EXERCISE: Return an exact copy of the entries, skipping any picture you find.
*** TASK INPUT ***
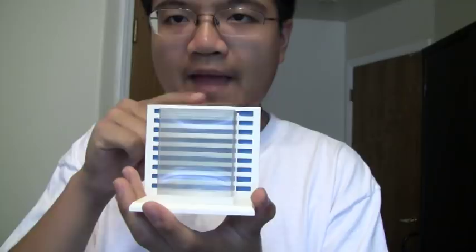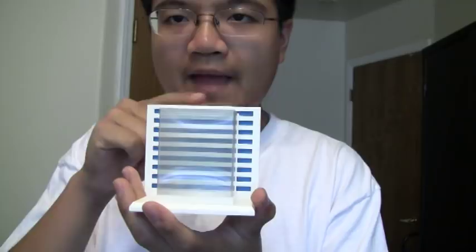Now I'm going to try something pretty strange using this box and the wall. At the count of three, you'll see something pretty magical happening. One, two, and three.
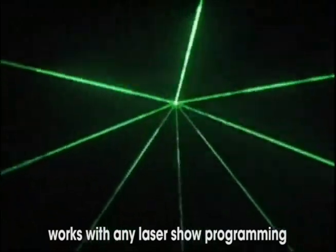But once you get it mounted, there's nothing more special you have to do. It will work with any software programming, and you just project the graphic and beam patterns that you normally would. The difference is that this then covers the whole thing.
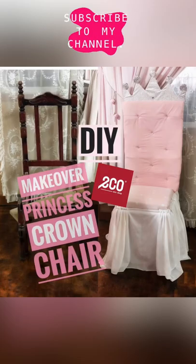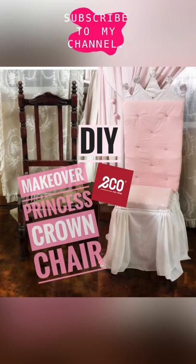Assalamualaikum, hi everyone. Thank you for stopping by. In this video, I'm going to share how I made over an old chair. These are the things that I used.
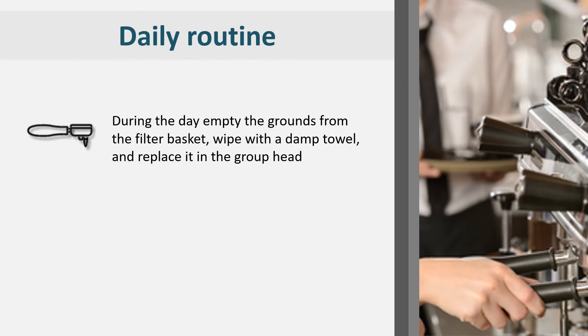If coffee grounds are left in the filter for a long period of time, they can become baked on and difficult to remove.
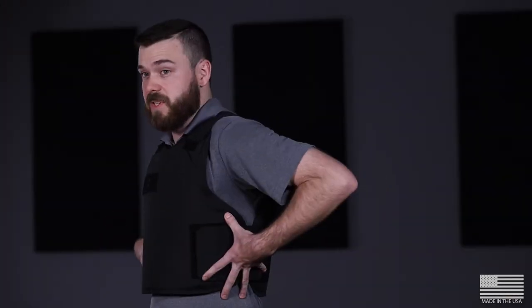When you've got the VP3 vest on properly, the top of the armor will be just at the top of your sternum where this bone ends, and the bottom of the armor will be just above your belly button. For me, this is giving me side coverage.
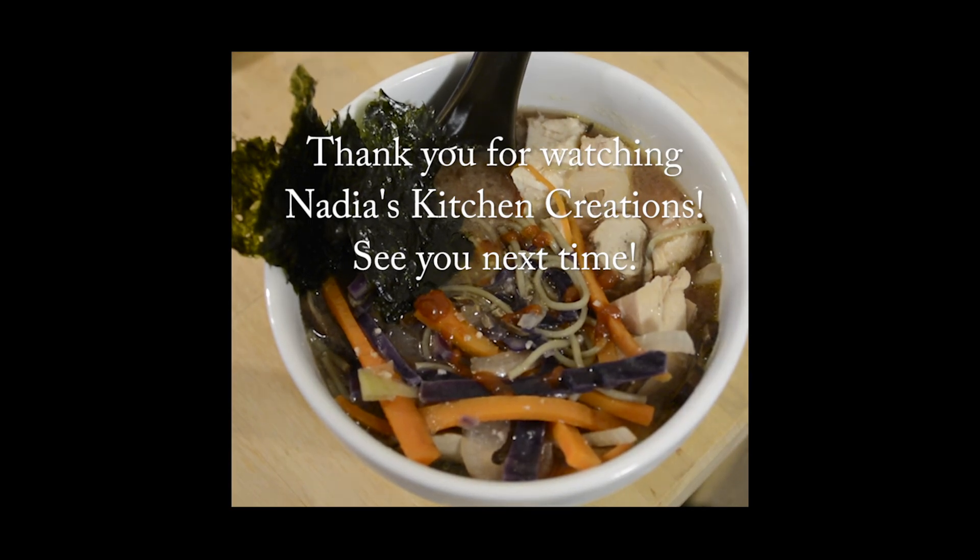For this single serving recipe I just use a heaping teaspoon of miso paste. Whisk that into the broth until it's dissolved — it should take one to two minutes. Then you can add your vegetables depending on how soft you like them; add the ones you like the softest first.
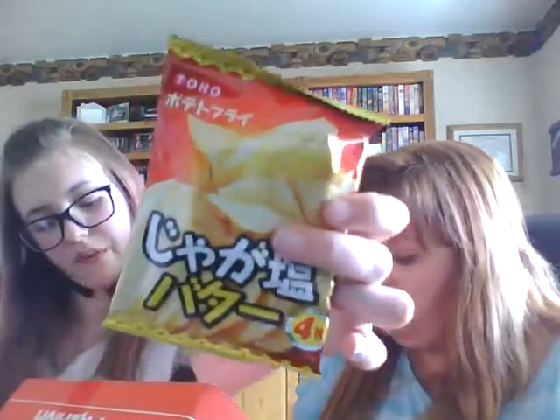Potato Fry with salt and butter. So these potato chips taste just like thick-cut french fries, and they barely have anything in the bag — it's a tiny little bag. Oh my God, it tastes like a baked potato with butter on it. They're really thick, they melt in your mouth. It tastes like a baked potato with butter. That's amazing. These are good. Mine!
*** End of TASK INPUT ***
WORKED SOLUTION:
Now I'm going to try something pretty strange using this box and the wall. At the count of three, you'll see something pretty magical happening. One, two, and three.
But once you get it mounted, there's nothing more special you have to do. It will work with any software programming, and you just project the graphic and beam patterns that you normally would. The difference is that this then covers the whole thing.
Assalamualaikum, hi everyone. Thank you for stopping by. In this video, I'm going to share how I made over an old chair. These are the things that I used.
If coffee grounds are left in the filter for a long period of time, they can become baked on and difficult to remove.
When you've got the VP3 vest on properly, the top of the armor will be just at the top of your sternum where this bone ends, and the bottom of the armor will be just above your belly button. For me, this is giving me side coverage.
For this single serving recipe I just use a heaping teaspoon of miso paste. Whisk that into the broth until it's dissolved — it should take one to two minutes. Then you can add your vegetables depending on how soft you like them; add the ones you like the softest first.
Potato Fry with salt and butter. So these potato chips taste just like thick-cut french fries, and they barely have anything in the bag — it's a tiny little bag. Oh my God, it tastes like a baked potato with butter on it. They're really thick, they melt in your mouth. It tastes like a baked potato with butter. That's amazing. These are good. Mine!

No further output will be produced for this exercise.